_Data shown_
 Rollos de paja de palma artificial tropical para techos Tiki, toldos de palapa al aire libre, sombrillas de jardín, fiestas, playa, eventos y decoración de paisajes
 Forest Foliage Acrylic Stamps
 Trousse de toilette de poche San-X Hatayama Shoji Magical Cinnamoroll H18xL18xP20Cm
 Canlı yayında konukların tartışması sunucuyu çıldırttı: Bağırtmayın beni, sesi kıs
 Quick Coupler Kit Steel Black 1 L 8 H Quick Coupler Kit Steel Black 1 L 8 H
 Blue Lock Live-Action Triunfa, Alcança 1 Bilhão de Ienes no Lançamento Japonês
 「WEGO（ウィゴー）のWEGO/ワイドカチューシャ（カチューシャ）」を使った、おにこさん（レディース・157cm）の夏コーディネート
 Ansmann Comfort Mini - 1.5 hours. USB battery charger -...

_What is needed_
The expected answer is a word-for-word copy of every line from the one that contains "Canlı yayında konukların" through the final line of the material.

_Result for this exercise_
 Canlı yayında konukların tartışması sunucuyu çıldırttı: Bağırtmayın beni, sesi kıs
 Quick Coupler Kit Steel Black 1 L 8 H Quick Coupler Kit Steel Black 1 L 8 H
 Blue Lock Live-Action Triunfa, Alcança 1 Bilhão de Ienes no Lançamento Japonês
 「WEGO（ウィゴー）のWEGO/ワイドカチューシャ（カチューシャ）」を使った、おにこさん（レディース・157cm）の夏コーディネート
 Ansmann Comfort Mini - 1.5 hours. USB battery charger -...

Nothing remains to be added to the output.